Lesson 7: Sodium

Sodium Overview

  • Normal Serum Sodium Value: 135 - 145 mEq/L.

  • Role of Sodium:

    • Sodium is the primary determinant of serum osmolarity.
    • It plays a significant role in regulating extracellular fluid (ECF) volume through osmotic forces.
  • Regulation of Sodium Homeostasis:

    • Factors involved in sodium homeostasis include:
    • Glomerular filtration rate
    • Renin-angiotensin-aldosterone system
    • Antinatriuretic peptides (e.g., BNP - B-type Natriuretic Peptide)
  • Correction of Sodium Disorders:

    • Disorders of sodium balance must be corrected slowly; no faster than 1 - 2 mEq/L/hr.
    • Rapid treatment of hyponatremia can cause fluid to shift from intracellular fluid (ICF) to extracellular fluid (ECF), potentially leading to central pontine myelinolysis.
    • Rapid treatment of hypernatremia can cause fluid to shift from ECF to ICF, resulting in cerebral edema.
  • Administration of 3% Saline:

    • When treating hyponatremia with 3% saline, the serum sodium concentration should not increase faster than a defined rate (e.g., enter specific mEq/L/hr).

Disorders of Sodium Balance

Etiology

Hyponatremia (< 135 mEq/L)
  • States of Hydration:

    • Hyponatremia may occur in various states: hypovolemic, isovolemic, and hypervolemic.
    • It is crucial to evaluate plasma osmolarity and ECF volume to determine the underlying cause.
  • Causes by Total Body Sodium Content:

    • Decreased Total Body Na+ Content:

    • Diuretics

    • Salt-wasting diseases

    • Hypoaldosteronism (can also be associated with Hyperkalemia)

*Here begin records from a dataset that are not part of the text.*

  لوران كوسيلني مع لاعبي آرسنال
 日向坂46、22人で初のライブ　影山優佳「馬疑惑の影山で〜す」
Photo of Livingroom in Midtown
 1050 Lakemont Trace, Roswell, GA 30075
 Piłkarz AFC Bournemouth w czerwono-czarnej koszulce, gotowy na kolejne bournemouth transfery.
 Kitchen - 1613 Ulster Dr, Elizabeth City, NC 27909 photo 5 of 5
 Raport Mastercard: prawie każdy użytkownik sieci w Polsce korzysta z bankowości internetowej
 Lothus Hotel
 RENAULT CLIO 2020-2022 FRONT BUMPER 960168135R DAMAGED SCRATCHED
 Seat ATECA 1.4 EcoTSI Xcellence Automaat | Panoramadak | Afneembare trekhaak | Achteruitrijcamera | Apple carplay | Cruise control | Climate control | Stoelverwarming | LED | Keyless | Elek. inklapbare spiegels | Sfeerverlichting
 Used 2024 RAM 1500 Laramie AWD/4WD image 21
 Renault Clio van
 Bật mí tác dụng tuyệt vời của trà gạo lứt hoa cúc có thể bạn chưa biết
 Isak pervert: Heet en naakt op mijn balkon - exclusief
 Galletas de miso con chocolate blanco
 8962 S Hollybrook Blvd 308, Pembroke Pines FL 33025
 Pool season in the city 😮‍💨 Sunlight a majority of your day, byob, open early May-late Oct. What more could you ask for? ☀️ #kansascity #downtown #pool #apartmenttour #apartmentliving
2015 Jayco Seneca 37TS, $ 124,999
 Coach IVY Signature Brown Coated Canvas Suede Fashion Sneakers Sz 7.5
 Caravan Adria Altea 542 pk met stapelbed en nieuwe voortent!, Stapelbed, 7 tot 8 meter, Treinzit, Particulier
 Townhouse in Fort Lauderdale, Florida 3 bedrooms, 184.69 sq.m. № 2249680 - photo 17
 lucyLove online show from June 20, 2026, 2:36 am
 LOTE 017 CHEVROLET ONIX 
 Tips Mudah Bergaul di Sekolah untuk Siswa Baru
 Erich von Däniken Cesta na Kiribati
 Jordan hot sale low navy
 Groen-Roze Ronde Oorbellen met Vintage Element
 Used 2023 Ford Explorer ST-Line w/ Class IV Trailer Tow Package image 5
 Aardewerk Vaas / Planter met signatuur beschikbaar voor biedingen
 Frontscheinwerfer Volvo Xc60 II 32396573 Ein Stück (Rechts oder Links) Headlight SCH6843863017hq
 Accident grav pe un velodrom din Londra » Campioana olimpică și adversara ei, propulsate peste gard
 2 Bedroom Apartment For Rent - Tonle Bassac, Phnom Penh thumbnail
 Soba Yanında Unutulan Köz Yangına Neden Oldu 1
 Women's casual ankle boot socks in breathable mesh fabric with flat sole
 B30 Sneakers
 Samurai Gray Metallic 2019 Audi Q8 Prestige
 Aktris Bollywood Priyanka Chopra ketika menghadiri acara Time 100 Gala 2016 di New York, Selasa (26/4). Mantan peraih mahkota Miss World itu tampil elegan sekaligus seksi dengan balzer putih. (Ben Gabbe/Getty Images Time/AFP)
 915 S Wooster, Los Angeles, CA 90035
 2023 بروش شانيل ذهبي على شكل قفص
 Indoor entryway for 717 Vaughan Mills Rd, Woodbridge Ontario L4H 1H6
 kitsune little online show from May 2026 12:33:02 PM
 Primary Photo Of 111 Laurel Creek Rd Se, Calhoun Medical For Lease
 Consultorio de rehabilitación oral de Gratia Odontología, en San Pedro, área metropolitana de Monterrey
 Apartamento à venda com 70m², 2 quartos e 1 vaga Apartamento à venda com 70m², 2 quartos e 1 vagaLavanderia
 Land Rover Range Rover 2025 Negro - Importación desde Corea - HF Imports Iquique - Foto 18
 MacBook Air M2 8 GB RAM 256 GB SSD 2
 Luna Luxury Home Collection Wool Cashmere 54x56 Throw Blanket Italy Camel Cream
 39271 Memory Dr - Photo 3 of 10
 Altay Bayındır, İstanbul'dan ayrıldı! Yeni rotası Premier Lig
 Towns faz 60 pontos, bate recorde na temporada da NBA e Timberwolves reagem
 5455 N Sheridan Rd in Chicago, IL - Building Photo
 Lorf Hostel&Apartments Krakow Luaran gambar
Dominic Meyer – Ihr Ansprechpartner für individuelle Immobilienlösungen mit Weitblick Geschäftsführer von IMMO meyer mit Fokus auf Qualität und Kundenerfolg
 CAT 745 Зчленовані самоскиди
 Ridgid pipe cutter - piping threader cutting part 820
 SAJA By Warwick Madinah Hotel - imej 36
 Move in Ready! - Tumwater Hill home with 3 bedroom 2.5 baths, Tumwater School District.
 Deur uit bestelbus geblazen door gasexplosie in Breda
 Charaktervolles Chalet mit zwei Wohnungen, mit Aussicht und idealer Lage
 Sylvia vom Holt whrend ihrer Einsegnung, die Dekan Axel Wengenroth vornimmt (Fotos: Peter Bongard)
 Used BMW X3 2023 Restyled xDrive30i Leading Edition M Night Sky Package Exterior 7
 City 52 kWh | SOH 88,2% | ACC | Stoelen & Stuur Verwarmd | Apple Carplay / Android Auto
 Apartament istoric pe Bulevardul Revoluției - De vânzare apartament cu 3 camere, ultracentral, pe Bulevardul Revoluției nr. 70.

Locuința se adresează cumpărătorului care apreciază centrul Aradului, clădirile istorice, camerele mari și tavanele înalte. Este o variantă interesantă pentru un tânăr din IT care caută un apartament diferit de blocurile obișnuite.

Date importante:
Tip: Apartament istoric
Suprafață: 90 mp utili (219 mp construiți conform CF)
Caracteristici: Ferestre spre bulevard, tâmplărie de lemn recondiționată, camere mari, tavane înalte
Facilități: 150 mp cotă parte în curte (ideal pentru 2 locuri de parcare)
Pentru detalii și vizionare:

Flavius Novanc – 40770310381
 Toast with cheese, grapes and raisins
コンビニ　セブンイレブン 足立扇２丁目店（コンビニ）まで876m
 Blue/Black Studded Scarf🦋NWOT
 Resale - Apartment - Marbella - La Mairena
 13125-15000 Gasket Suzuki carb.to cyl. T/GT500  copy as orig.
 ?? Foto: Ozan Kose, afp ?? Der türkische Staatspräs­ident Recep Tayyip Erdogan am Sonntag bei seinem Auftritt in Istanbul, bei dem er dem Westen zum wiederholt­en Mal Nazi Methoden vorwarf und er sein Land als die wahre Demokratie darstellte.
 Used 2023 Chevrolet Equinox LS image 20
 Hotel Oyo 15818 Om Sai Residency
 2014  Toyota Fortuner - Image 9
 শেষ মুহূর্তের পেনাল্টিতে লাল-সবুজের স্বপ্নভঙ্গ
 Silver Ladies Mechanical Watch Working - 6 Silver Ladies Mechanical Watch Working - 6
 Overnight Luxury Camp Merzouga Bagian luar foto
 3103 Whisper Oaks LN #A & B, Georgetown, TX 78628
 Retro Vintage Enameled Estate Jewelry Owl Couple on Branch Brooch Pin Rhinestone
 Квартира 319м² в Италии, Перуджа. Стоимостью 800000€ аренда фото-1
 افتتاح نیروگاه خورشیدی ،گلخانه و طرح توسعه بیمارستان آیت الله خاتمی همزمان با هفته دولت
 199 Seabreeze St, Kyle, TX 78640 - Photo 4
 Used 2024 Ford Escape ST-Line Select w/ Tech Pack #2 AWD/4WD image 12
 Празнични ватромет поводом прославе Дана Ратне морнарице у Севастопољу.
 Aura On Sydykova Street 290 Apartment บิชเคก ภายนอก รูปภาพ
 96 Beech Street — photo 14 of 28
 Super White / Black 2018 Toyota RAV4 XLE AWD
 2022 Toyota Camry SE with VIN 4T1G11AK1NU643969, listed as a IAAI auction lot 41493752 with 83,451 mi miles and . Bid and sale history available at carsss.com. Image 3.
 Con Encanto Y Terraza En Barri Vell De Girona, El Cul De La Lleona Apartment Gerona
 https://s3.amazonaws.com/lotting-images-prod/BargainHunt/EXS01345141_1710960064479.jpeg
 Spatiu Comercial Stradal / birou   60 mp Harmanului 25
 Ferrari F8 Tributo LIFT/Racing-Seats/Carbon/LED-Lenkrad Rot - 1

    • Normal Total Body Na+ Content:

    • SIADH (Syndrome of Inappropriate Antidiuretic Hormone Secretion)

    • Hypothyroidism

    • Water intoxication

    • Perioperative stress

    • Increased Total Body Na+ Content:

    • Congestive Heart Failure (CHF)

    • Cirrhosis

Presentation Based on Plasma Sodium Concentration:
  • 130 - 135 mEq/L:

    • No signs to mild signs.
  • 125 - 129 mEq/L:

    • Symptoms include nausea (N/V) and malaise.
  • 115 - 124 mEq/L:

    • Symptoms include headache, lethargy, and altered level of consciousness (LOC).
  • 115 mEq/L or less (or rapid onset):

    • Severe symptoms such as seizures, coma, cerebral edema, and respiratory arrest.
  • Treatment:

    • Treatment depends on the specific cause.
    • Goal is to restore Na+ balance by managing serum osmolality and fluid balance:
    • Water restriction
    • Intravenous fluid (IVF) selection based on tonicity
    • Diuretics
Hypernatremia (> 145 mEq/L)
  • States of Hydration:

    • Hypernatremia may also exist in various hydration states: hypovolemic, isovolemic, and hypervolemic.
    • Evaluation of plasma osmolarity and ECF volume is essential for determining the cause.
  • Causes by Total Body Sodium Content:

    • Decreased Total Body Na+ Content:

    • Osmotic diuresis

    • Nausea and vomiting (N/V)

    • Adrenal insufficiency

    • Normal Total Body Na+ Content:

    • Diabetes insipidus

    • Renal failure

    • Diuretics

    • Increased Total Body Na+ Content:

    • Hyperaldosteronism

    • Increased sodium intake (e.g., 3% saline)

  • Normal Serum Osmolality Range:

    • Normal serum osmolality is typically between 280 - 290 mOsm/kg.
Hypernatremia Presentation Based on Serum Osmolality:
  • 350 - 375 mOsm/kg:

    • Symptoms include headache, agitation, confusion.
  • 376 - 400 mOsm/kg:

    • Weakness, tremors, ataxia are observed.
  • 401 - 430 mOsm/kg:

    • Symptoms include hyperreflexia and muscle twitching.
  • 431 mOsm/kg or more:

    • Severe symptoms such as seizures, coma, and potentially death.
  • Treatment:

    • Treatment is contingent on the specific underlying cause.
    • The goal is to restore Na+ balance by manipulating serum osmolality and fluid balance:
    • Sodium (Na+) restriction
    • IVF selection based on tonicity
    • Diuretics

Important Notes

  • Both extremes of sodium disorders (hyponatremia and hypernatremia) should be corrected slowly (no faster than 1 - 2 mEq/L/hr).
  • Rapid correction of either disorder can result in severe neurological complications:
    • Treating hyponatremia too quickly can lead to central pontine myelinolysis.
    • Treating hypernatremia too quickly can lead to cerebral edema.